======== DATA BELOW ========

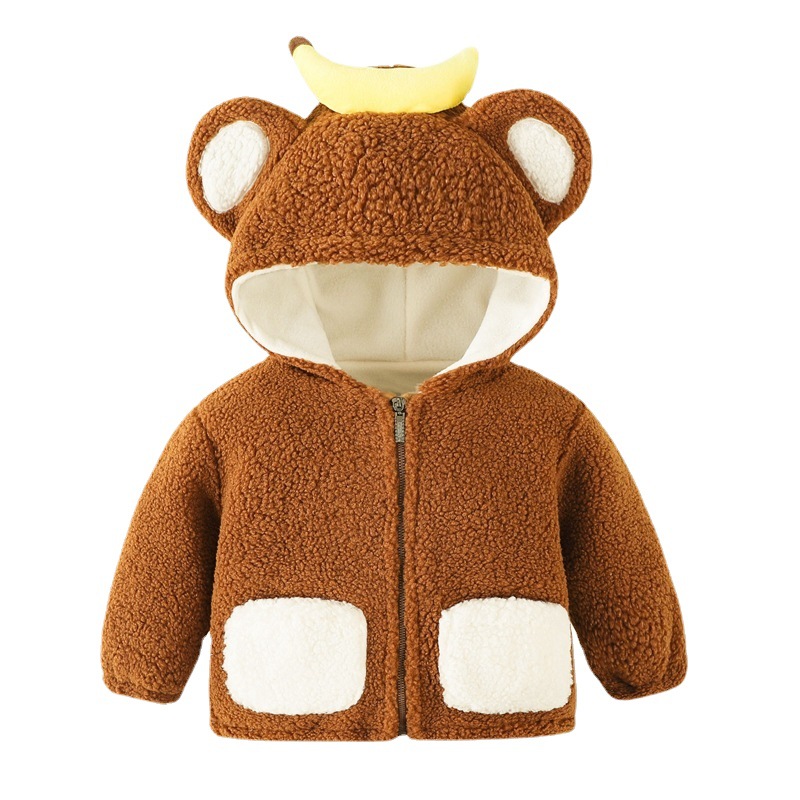 Abrigo para niños abrigo para niños y niñas bebé ropa de otoño e invierno ropa de algodón acolchada con forro polar ropa de bebé cardigan ropa para niños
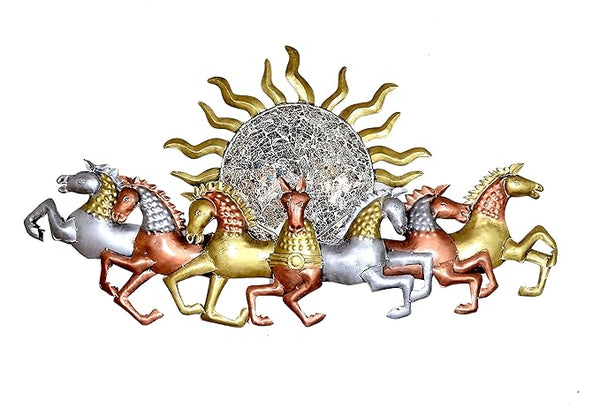 Iron Seven Running Horses with Sun Wall Decor Showpiece With LED Lights Horses (Width: 49 Inches) Entryway Setting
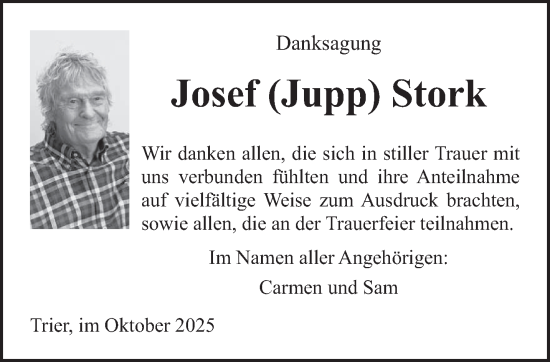 Traueranzeige von Josef Stork von trierischer_volksfreund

========

> _EXERCISE_
Return all of the lines above without alteration, minus the pictures.

> _YOUR RESPONSE_
 Abrigo para niños abrigo para niños y niñas bebé ropa de otoño e invierno ropa de algodón acolchada con forro polar ropa de bebé cardigan ropa para niños
 Iron Seven Running Horses with Sun Wall Decor Showpiece With LED Lights Horses (Width: 49 Inches) Entryway Setting
 Traueranzeige von Josef Stork von trierischer_volksfreund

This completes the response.